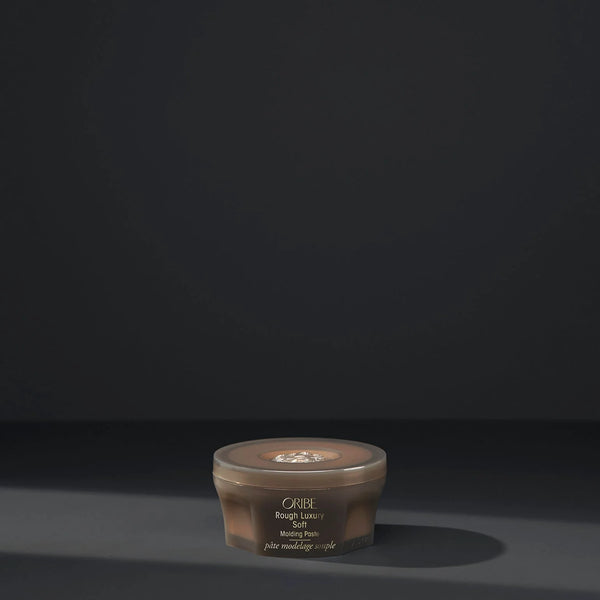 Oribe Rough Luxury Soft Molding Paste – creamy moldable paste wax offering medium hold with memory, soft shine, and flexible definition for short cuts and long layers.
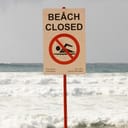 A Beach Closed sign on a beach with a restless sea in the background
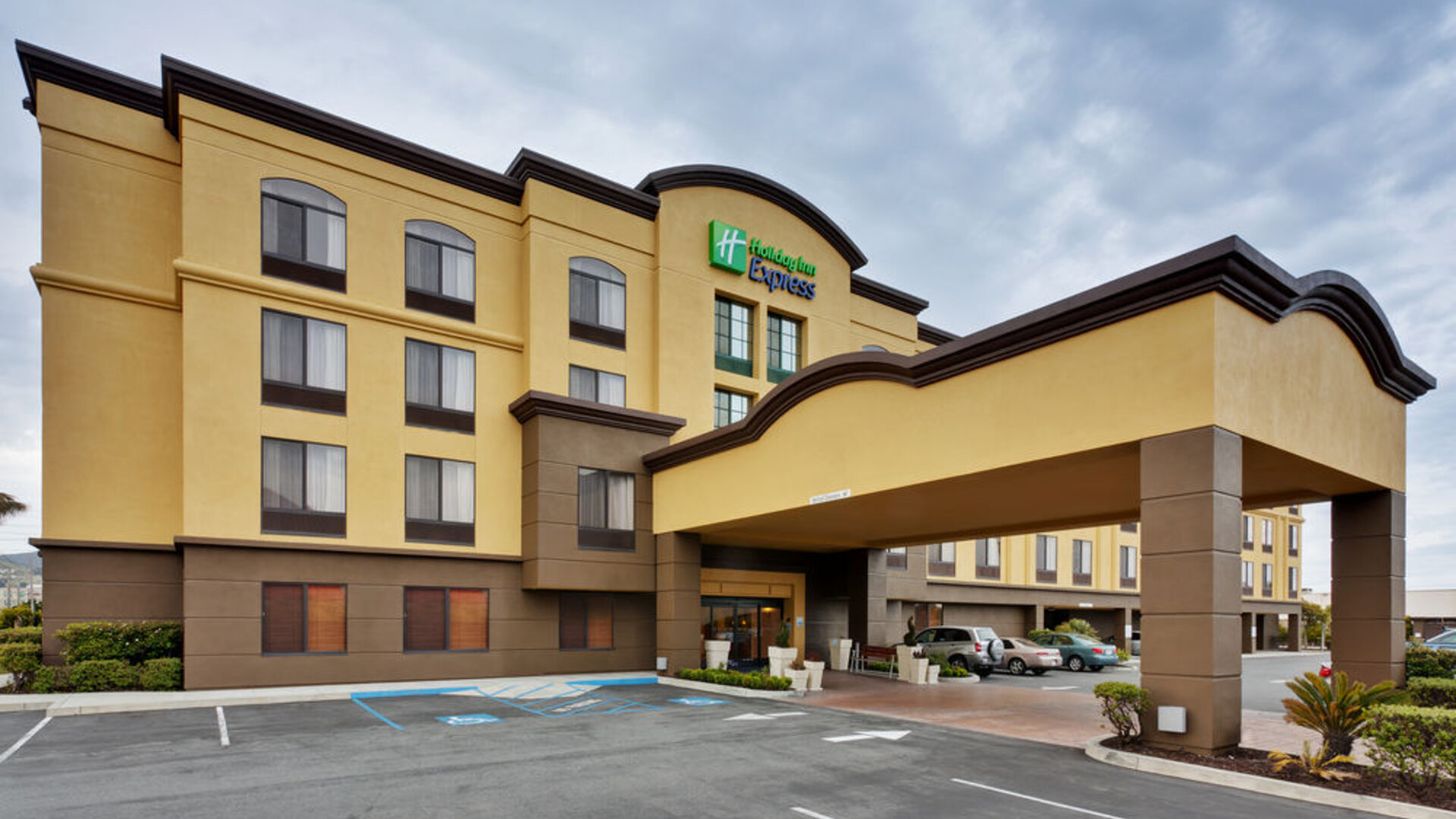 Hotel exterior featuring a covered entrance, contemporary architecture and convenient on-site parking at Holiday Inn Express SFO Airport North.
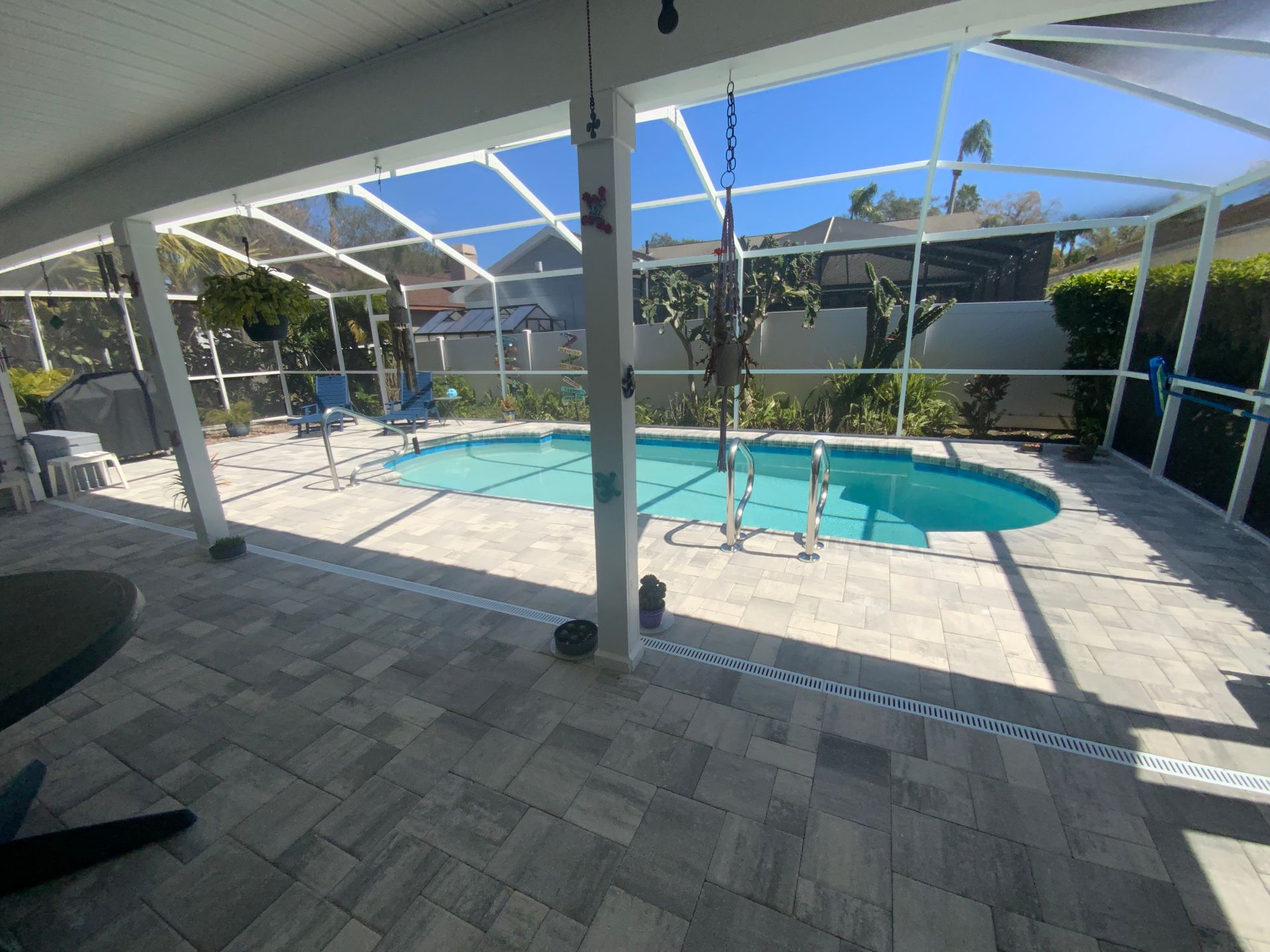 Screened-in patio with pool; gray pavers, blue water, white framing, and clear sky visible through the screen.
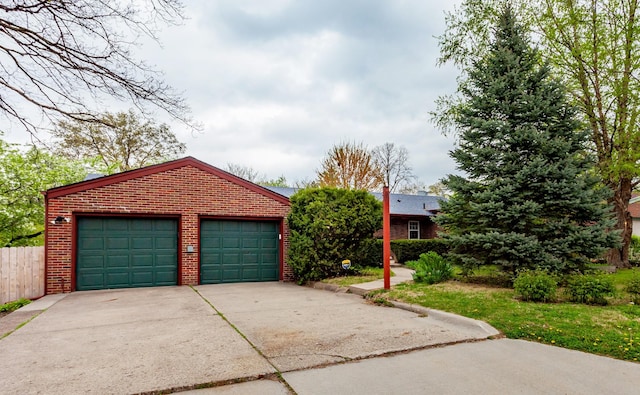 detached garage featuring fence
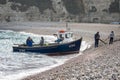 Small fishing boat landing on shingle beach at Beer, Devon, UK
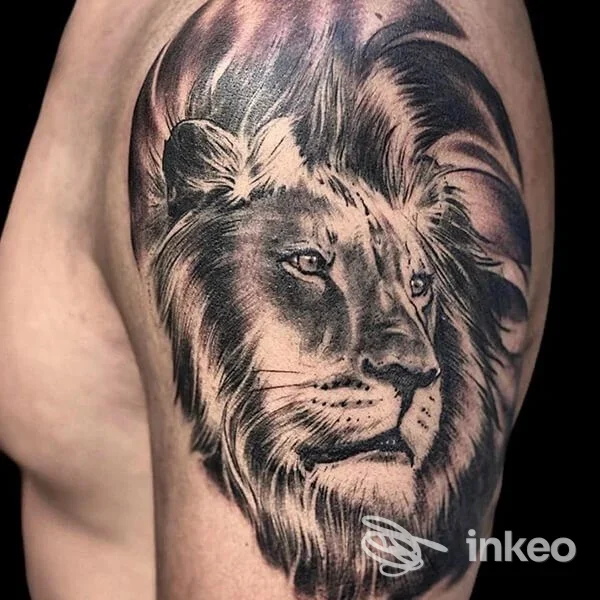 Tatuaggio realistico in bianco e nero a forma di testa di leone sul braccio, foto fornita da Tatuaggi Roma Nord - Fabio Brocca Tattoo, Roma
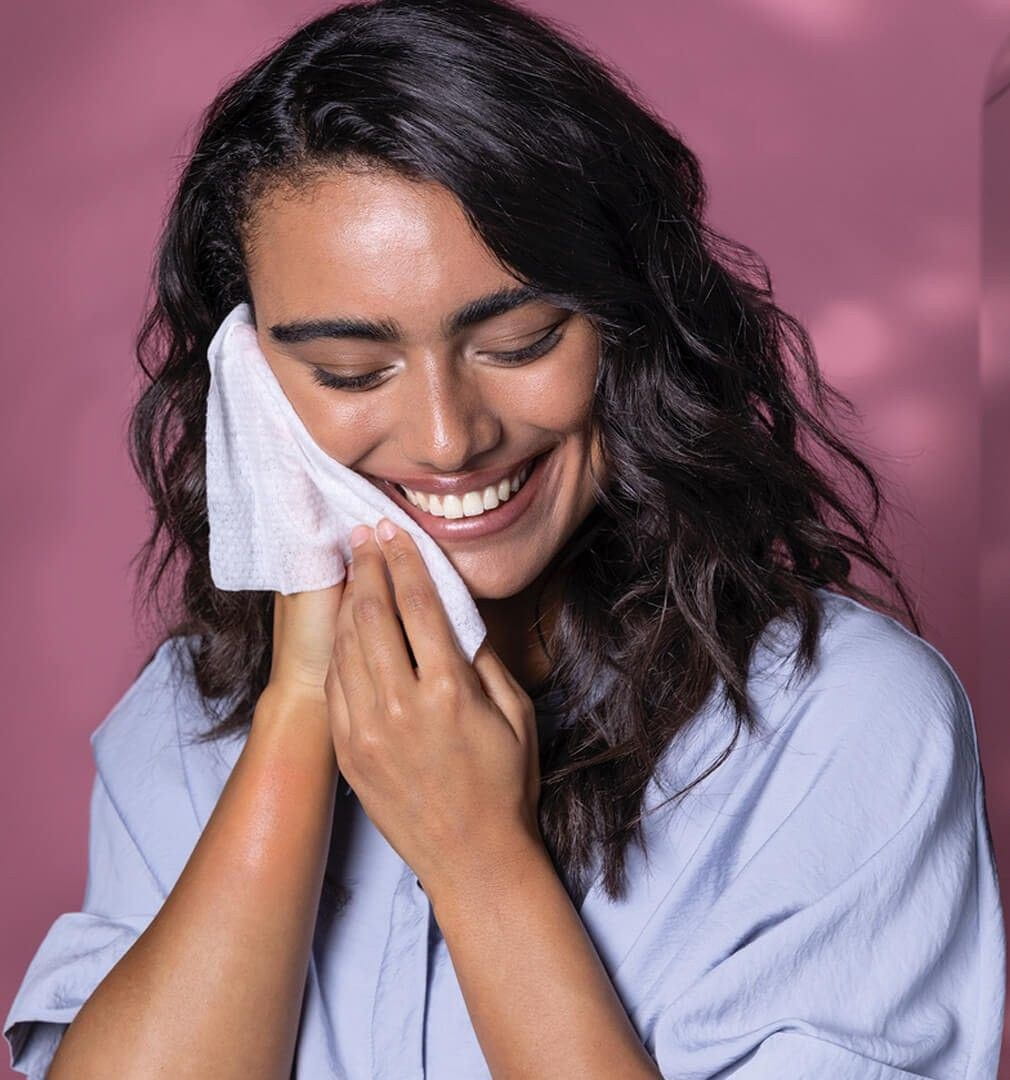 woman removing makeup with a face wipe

What to work on> Output the whole listing without change. Any picture is to be left out.

Response>
 Oribe Rough Luxury Soft Molding Paste – creamy moldable paste wax offering medium hold with memory, soft shine, and flexible definition for short cuts and long layers.
 A Beach Closed sign on a beach with a restless sea in the background
 Hotel exterior featuring a covered entrance, contemporary architecture and convenient on-site parking at Holiday Inn Express SFO Airport North.
 Screened-in patio with pool; gray pavers, blue water, white framing, and clear sky visible through the screen.
 detached garage featuring fence
 Small fishing boat landing on shingle beach at Beer, Devon, UK
 Tatuaggio realistico in bianco e nero a forma di testa di leone sul braccio, foto fornita da Tatuaggi Roma Nord - Fabio Brocca Tattoo, Roma
 woman removing makeup with a face wipe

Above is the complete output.